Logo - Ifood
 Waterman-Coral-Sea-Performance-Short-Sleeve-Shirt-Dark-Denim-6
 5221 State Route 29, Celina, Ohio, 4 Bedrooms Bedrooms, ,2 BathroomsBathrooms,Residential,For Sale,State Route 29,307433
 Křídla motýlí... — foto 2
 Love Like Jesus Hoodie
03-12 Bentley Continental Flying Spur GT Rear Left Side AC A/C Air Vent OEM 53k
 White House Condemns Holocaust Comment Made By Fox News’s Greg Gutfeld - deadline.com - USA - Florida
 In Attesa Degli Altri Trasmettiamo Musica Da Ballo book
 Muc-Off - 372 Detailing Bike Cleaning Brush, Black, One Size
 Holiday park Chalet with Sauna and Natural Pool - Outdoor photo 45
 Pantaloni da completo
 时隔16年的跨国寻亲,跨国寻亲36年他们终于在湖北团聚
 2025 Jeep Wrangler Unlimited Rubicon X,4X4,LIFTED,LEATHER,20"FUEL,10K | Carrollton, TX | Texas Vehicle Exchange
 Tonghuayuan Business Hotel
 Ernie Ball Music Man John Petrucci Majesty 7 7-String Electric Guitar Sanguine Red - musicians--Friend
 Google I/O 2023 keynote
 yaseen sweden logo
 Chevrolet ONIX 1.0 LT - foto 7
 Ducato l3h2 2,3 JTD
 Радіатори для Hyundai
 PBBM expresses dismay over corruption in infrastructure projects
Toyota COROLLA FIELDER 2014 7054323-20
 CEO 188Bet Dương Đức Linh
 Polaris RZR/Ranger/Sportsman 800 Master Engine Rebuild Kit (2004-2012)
- - - - -
:: THE TASK ::
Output only the lines from the top of the entries through the one holding "03-12 Bentley Continental", copied exactly.

:: RESULT OF THIS EXERCISE ::
Logo - Ifood
 Waterman-Coral-Sea-Performance-Short-Sleeve-Shirt-Dark-Denim-6
 5221 State Route 29, Celina, Ohio, 4 Bedrooms Bedrooms, ,2 BathroomsBathrooms,Residential,For Sale,State Route 29,307433
 Křídla motýlí... — foto 2
 Love Like Jesus Hoodie
03-12 Bentley Continental Flying Spur GT Rear Left Side AC A/C Air Vent OEM 53k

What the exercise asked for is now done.